DATASET EXCERPT:
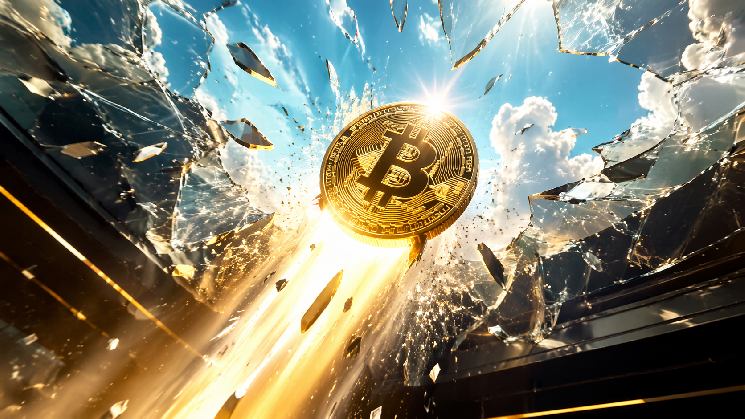 Bitcoin Price Prediction: Bitcoin Bulls Fight to Hold April’s Trend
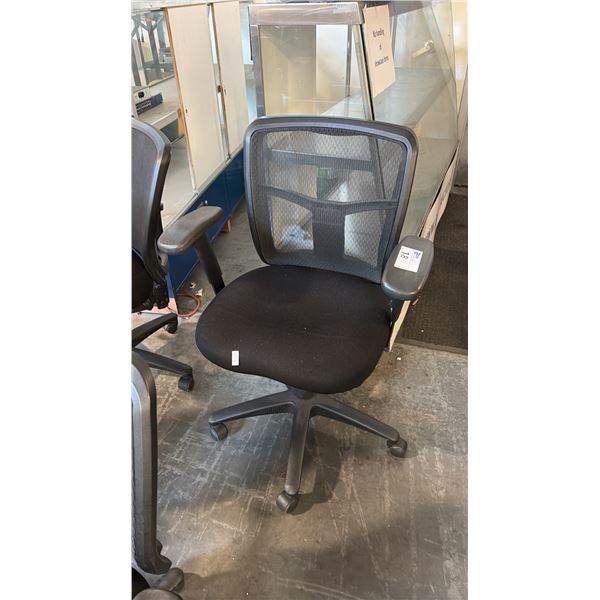 BLACK MESH-BACK TASK CHAIR STYLE 1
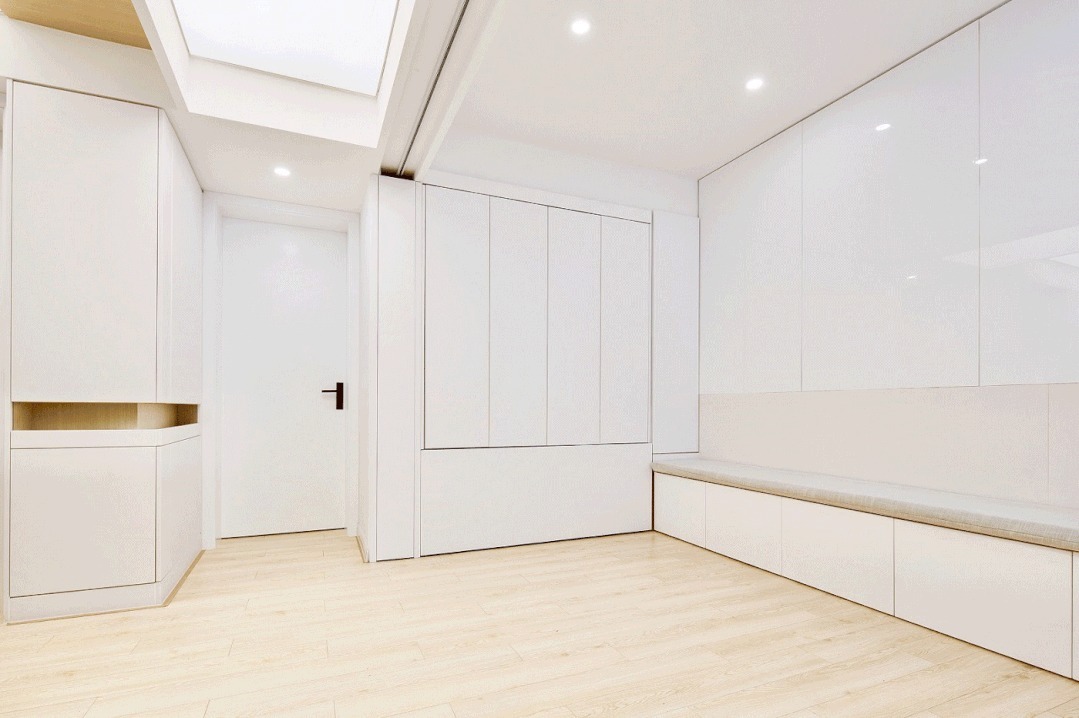 电动床|60㎡简约风小户型，客厅藏张床打开秒变3居室，太机智了！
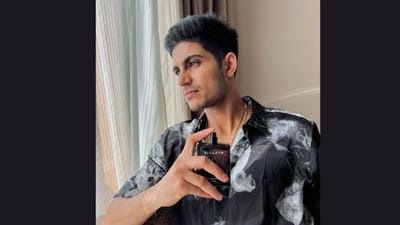 ભારતીય ક્રિકેટર શુભમન ગિલ પોતાની લવ લાઈફને લઈને સતત ચર્ચામાં રહે છે. લાંબા સમયથી તે સારા અલી ખાન સાથેના સંબંધોને લઈને ચર્ચામાં છે.  સારા અલી ખાન અને સારા તેંડુલકરમાંથી શુભમન ગિલ કોને ડેટ કરી રહ્યા છે તે અંગે ચાહકો ઘણીવાર મૂંઝવણમાં રહે છે.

AIM OF THE TASK:
Copy the listing verbatim, omitting images.

OUTPUT BELOW:
 Bitcoin Price Prediction: Bitcoin Bulls Fight to Hold April’s Trend
 BLACK MESH-BACK TASK CHAIR STYLE 1
 电动床|60㎡简约风小户型，客厅藏张床打开秒变3居室，太机智了！
 ભારતીય ક્રિકેટર શુભમન ગિલ પોતાની લવ લાઈફને લઈને સતત ચર્ચામાં રહે છે. લાંબા સમયથી તે સારા અલી ખાન સાથેના સંબંધોને લઈને ચર્ચામાં છે.  સારા અલી ખાન અને સારા તેંડુલકરમાંથી શુભમન ગિલ કોને ડેટ કરી રહ્યા છે તે અંગે ચાહકો ઘણીવાર મૂંઝવણમાં રહે છે.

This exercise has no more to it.